Y puse la mano sobre el polvoriento volumen que aún seguía abierto en un atril colocado frente a mis rodillas.
– ¿Ves? -dije-. Amanuense o copista, te juro, Kandahar, que envidio la suerte de los monjes medievales que fundían las horas, el tiempo y la vida transcribiendo una y mil veces el texto del Apocalipsis de san Juan en la penumbra de sus celdas. Los escritores, y tú acabas de recordarme que te gustaría pertenecer a ese gremio, sabemos perfectamente que el artista puede aludir reproducir o, en el mejor de los casos, expresar pero nunca inventar ni añadir. De modo que copiemos, renacuajo, copiemos. Copiemos sin pudor con recochineo, a mansalva y a calzón caído.
– Te estás negando a ti mismo, papá. Lo que acabas de decir es casi lo contrario de lo que sostenías en tu primera novela ( [5]).
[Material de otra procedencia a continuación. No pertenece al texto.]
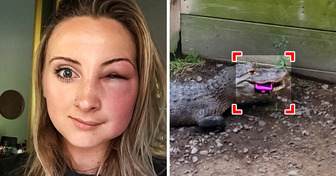 18 People Who Truly Know What It Means to Be Unlucky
Primera, esta vez, de verdad.
– ¡Qué buena lectora eres, Kandahar! Te lo agradezco en mi nombre y en el de mis colegas. Puedes estar segura de que todos nos sentimos halagados por tu atención. Y yo en especial.
– No seas cardo, déjate de ironías y responde a lo que te he dicho.
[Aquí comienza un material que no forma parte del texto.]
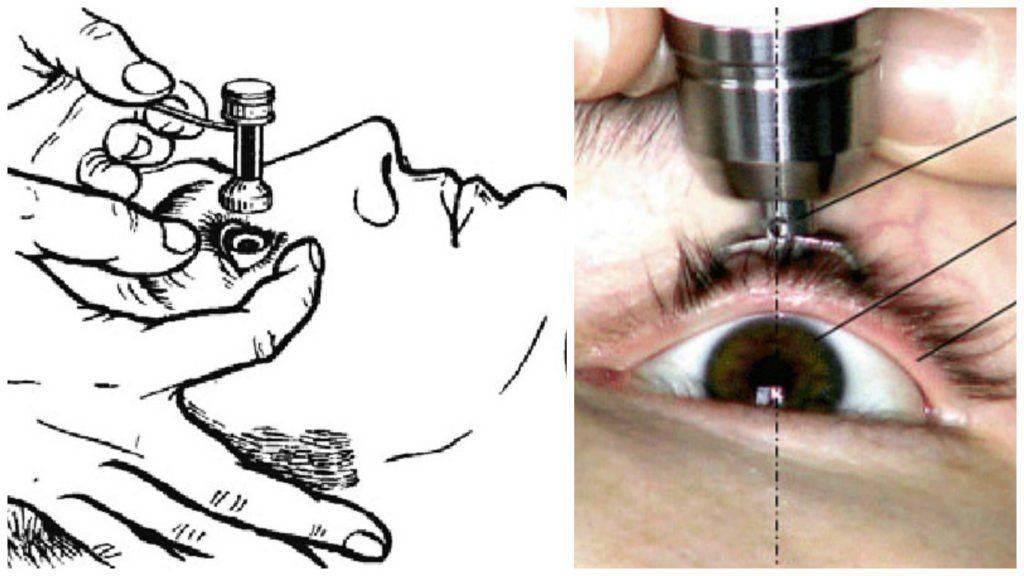 Тонометрия по маклакову и другие методы диагностики глаукомы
– No era un pregunta, sino una objeción.
– Pues refútala o acéptala. Tienes el deber de hacerlo.
– ¿El deber?
– Sí, el deber. Al fin y al cabo se trata de un asunto relacionado con mi formación profesional. Recuerda que eres mi padre y, en cierto modo también mi madre. No he conocido otra.
Era un contundente golpe bajo, y lo acusé. Cristina había muerto de cáncer cuatro meses después de que naciera Kandahar.
– Está bien, hija-dije bajando la mirada y enredando los dedos en las borlas de un estúpido cojín de pasamanería de hilo de oro y de plata comprado en un tabuco del Gran Bazar de Estambul-. Han pasado casi veintidós años desde que escribí aquello. Los suficientes para saber hoy que entonces me equivocaba, que confundía la realidad con el deseo, que la rosa amarilla de Borges y de Giambattista Marino era una hábil y estéril figura de dicción y que, en definitiva sólo Dios crea, Kandahar, mientras sus criaturas simplemente son creadas. ¿Hablabas antes, en broma, de formación profesional? Pues yo voy a hacerlo ahora en serio durante diez segundos. Los necesarios para decirte que aún estás a tiempo. Retírate. No seas escritora. No te condenes ni te resignes a vivir en un cementerio de elefantes. La literatura es una batalla perdida de antemano. Sombras nada más: eso es todo. ¡Ojalá me hubiese dedicado a la arqueología o a la decoración! Por lo menos, princesa, no me sentiría derrotado.